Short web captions
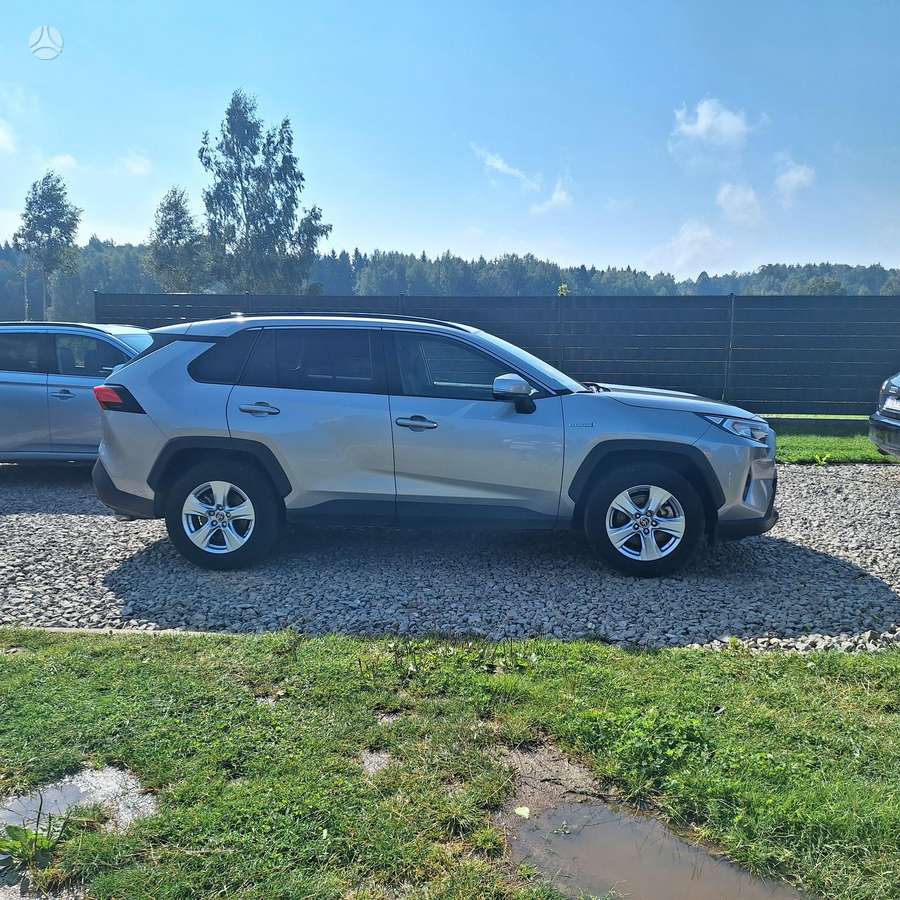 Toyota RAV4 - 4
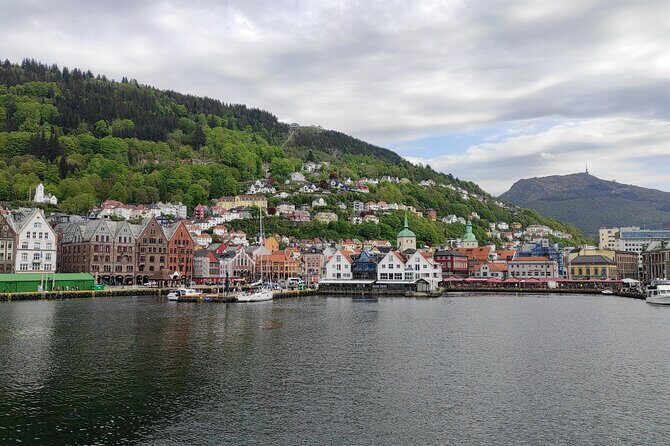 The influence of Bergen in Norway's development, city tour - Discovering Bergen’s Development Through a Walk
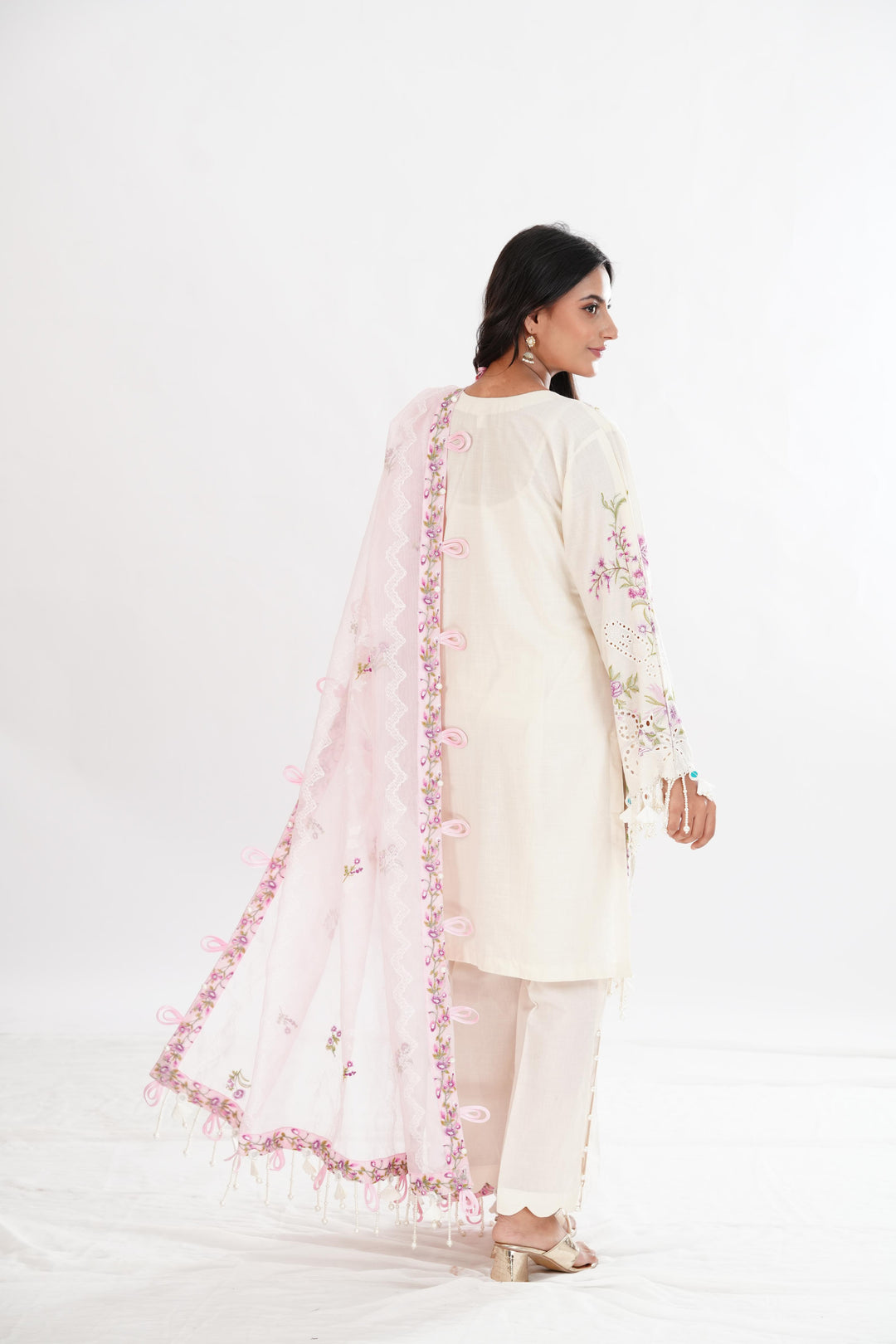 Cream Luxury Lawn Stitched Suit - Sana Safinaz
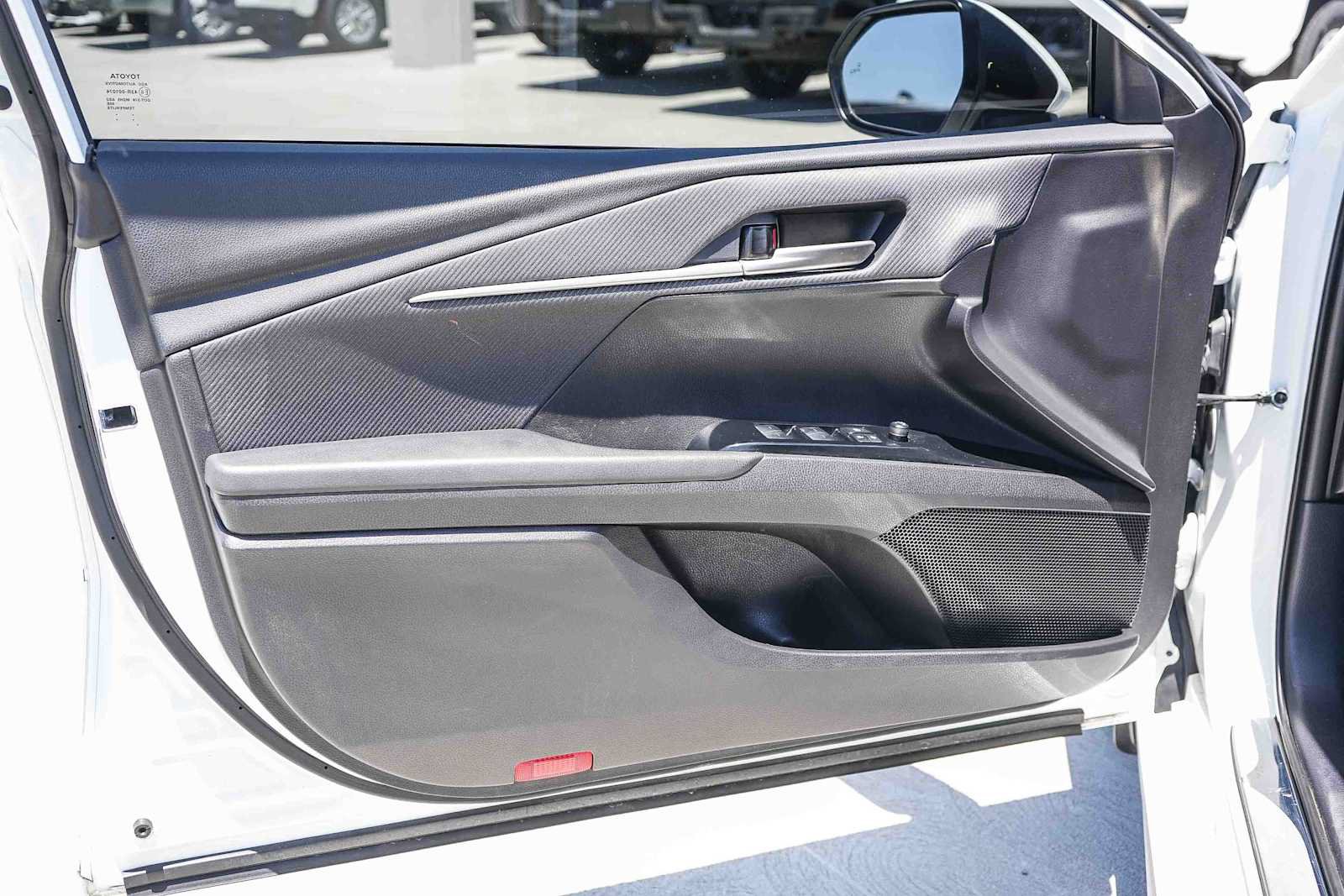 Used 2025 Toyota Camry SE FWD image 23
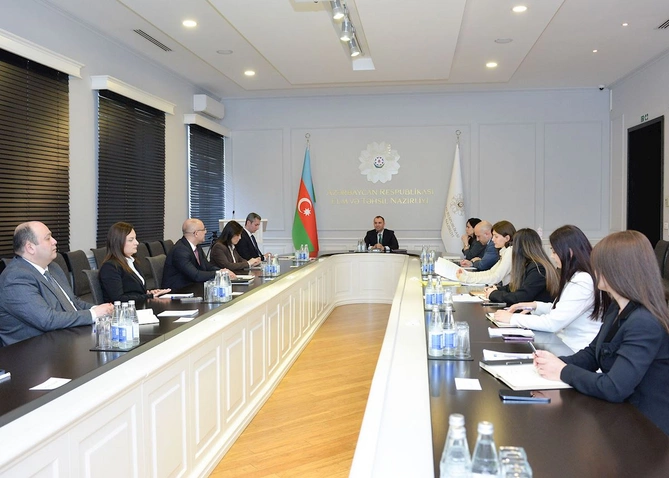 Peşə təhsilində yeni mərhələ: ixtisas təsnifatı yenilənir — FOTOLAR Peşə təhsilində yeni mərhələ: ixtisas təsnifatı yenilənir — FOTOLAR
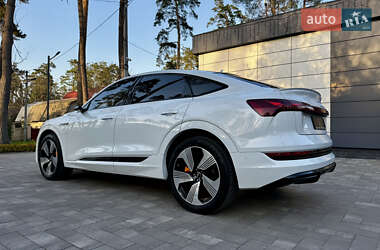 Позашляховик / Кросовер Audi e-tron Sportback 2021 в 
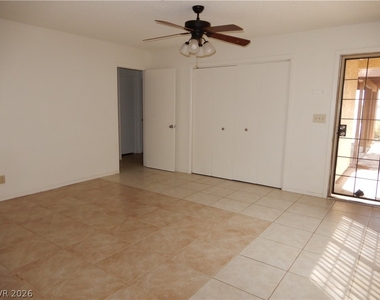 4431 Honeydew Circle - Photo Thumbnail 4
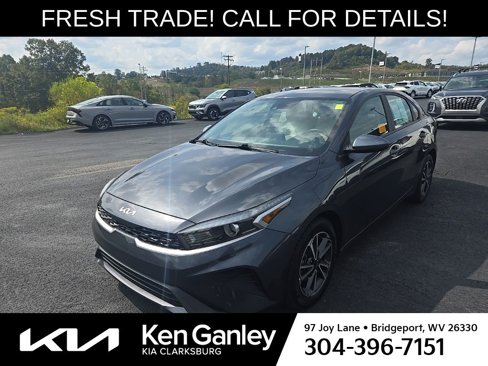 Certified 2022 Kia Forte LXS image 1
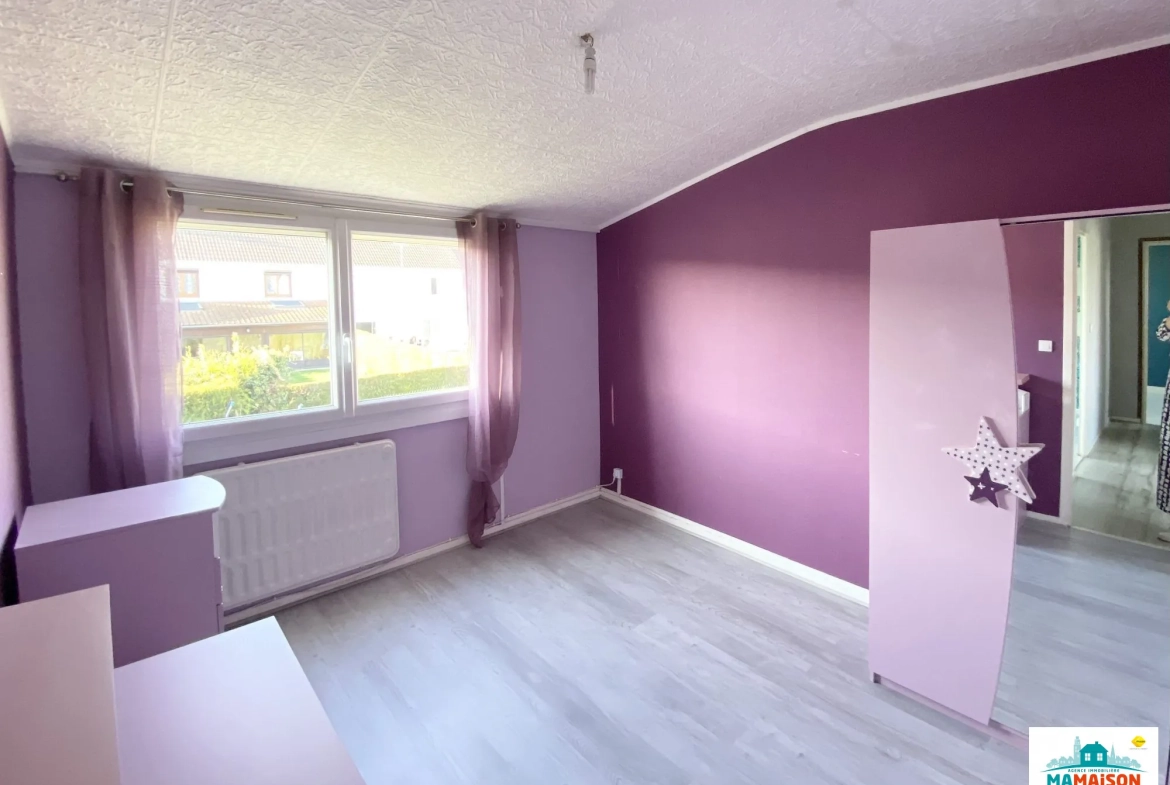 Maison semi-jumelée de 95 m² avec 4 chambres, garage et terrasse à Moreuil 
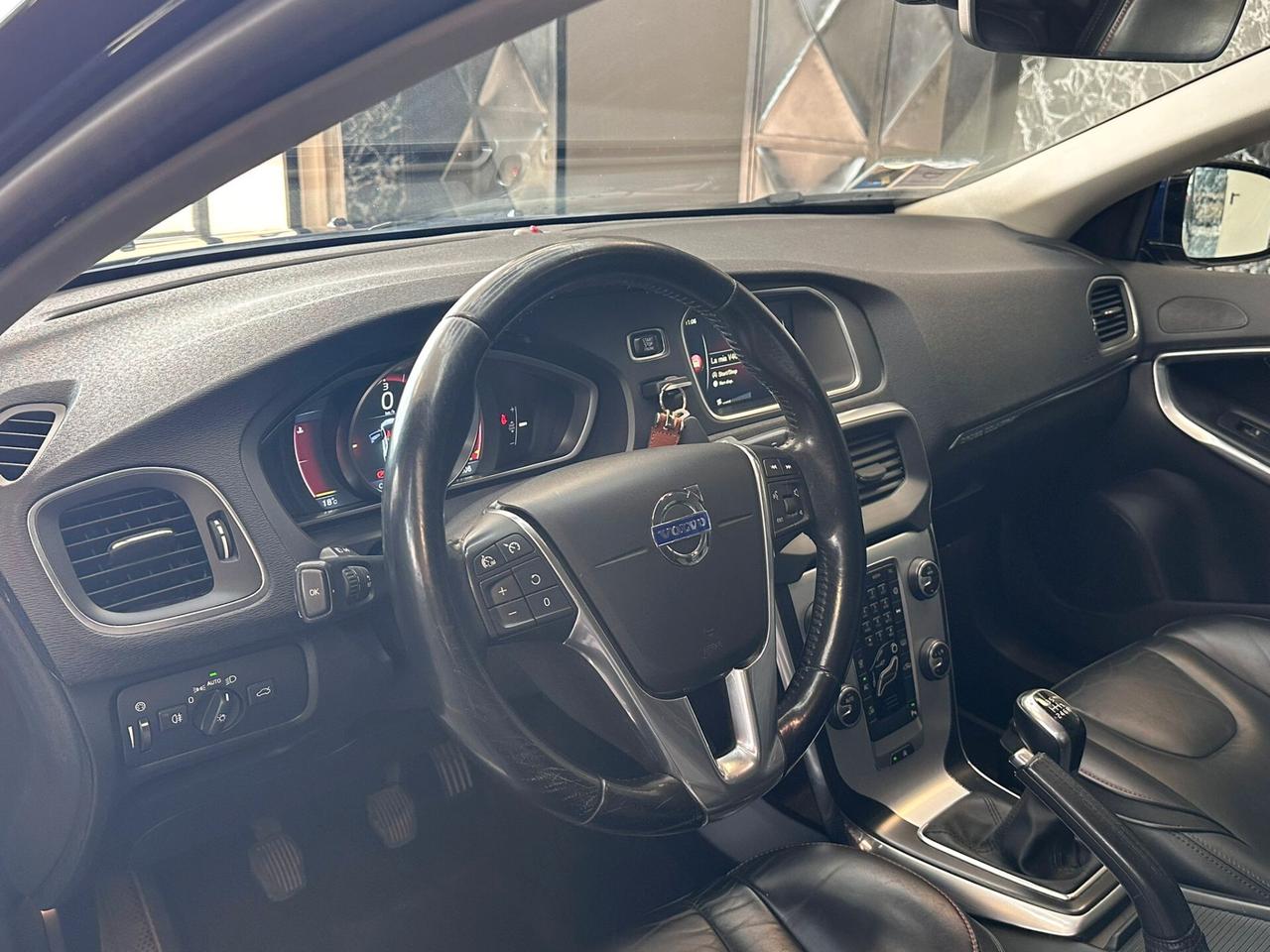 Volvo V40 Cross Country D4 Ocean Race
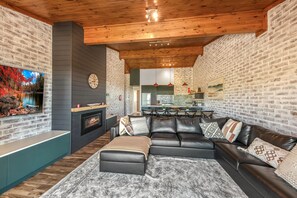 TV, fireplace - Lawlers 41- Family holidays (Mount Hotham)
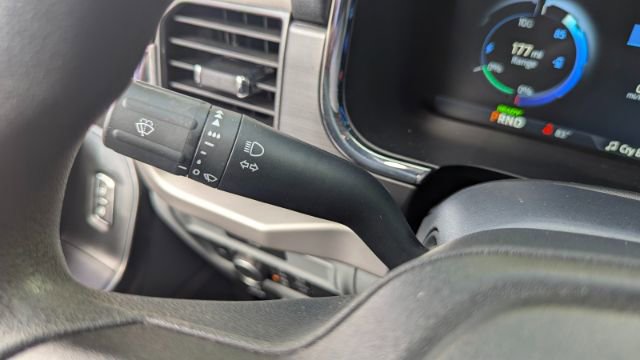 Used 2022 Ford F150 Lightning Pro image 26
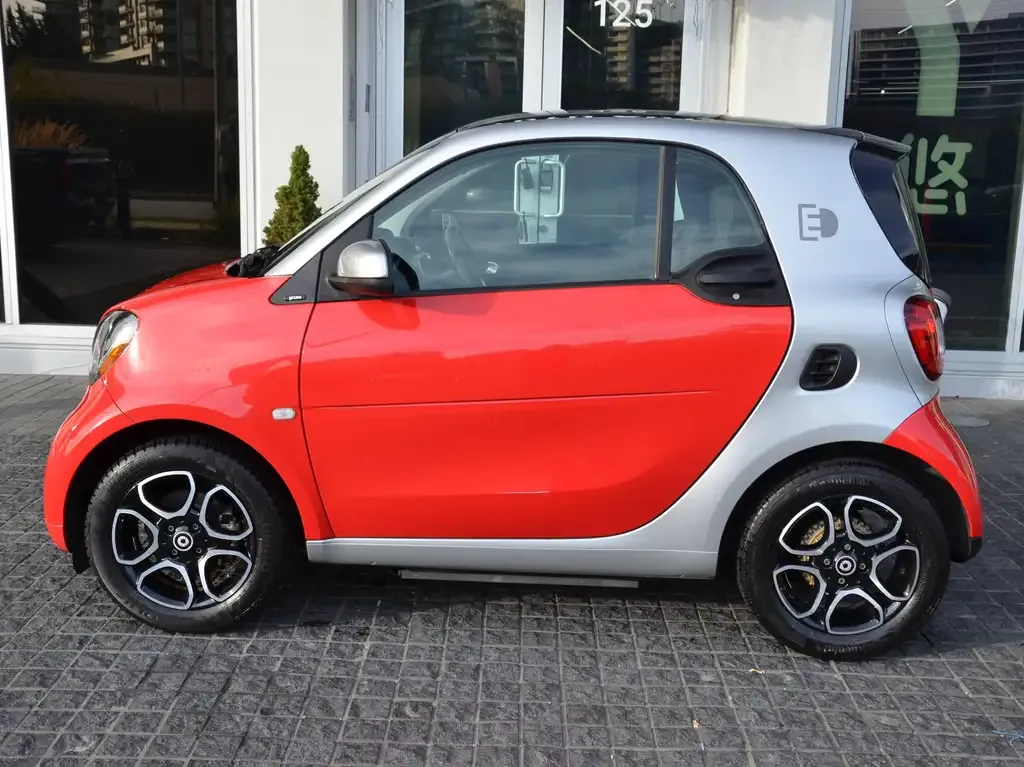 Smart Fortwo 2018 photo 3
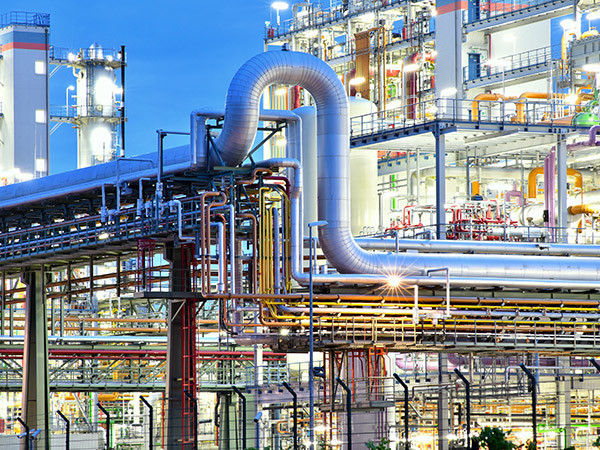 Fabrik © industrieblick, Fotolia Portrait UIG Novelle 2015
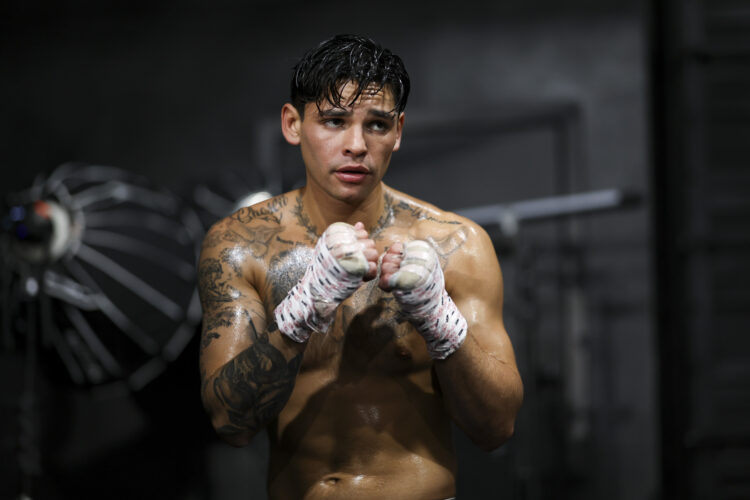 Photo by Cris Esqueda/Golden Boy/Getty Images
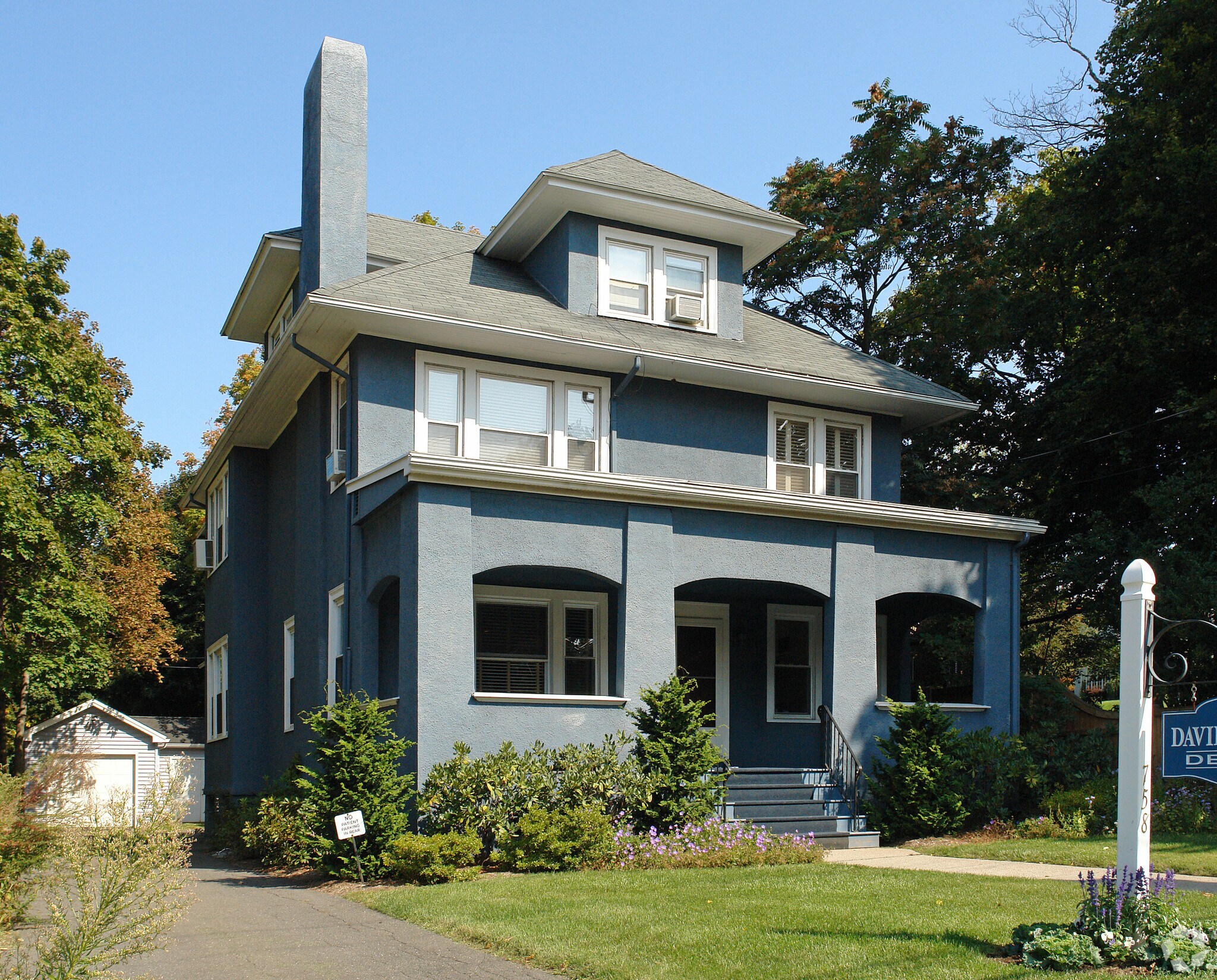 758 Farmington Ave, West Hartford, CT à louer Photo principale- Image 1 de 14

● Exercise objective: Pictures are to be left out while the lines from the beginning of the records through the line with "Photo by Cris" are copied word for word.

● Written response:
 Toyota RAV4 - 4
 The influence of Bergen in Norway's development, city tour - Discovering Bergen’s Development Through a Walk
 Cream Luxury Lawn Stitched Suit - Sana Safinaz
 Used 2025 Toyota Camry SE FWD image 23
 Peşə təhsilində yeni mərhələ: ixtisas təsnifatı yenilənir — FOTOLAR Peşə təhsilində yeni mərhələ: ixtisas təsnifatı yenilənir — FOTOLAR
 Позашляховик / Кросовер Audi e-tron Sportback 2021 в 
 4431 Honeydew Circle - Photo Thumbnail 4
 Certified 2022 Kia Forte LXS image 1
 Maison semi-jumelée de 95 m² avec 4 chambres, garage et terrasse à Moreuil 
 Volvo V40 Cross Country D4 Ocean Race
 TV, fireplace - Lawlers 41- Family holidays (Mount Hotham)
 Used 2022 Ford F150 Lightning Pro image 26
 Smart Fortwo 2018 photo 3
 Fabrik © industrieblick, Fotolia Portrait UIG Novelle 2015
 Photo by Cris Esqueda/Golden Boy/Getty Images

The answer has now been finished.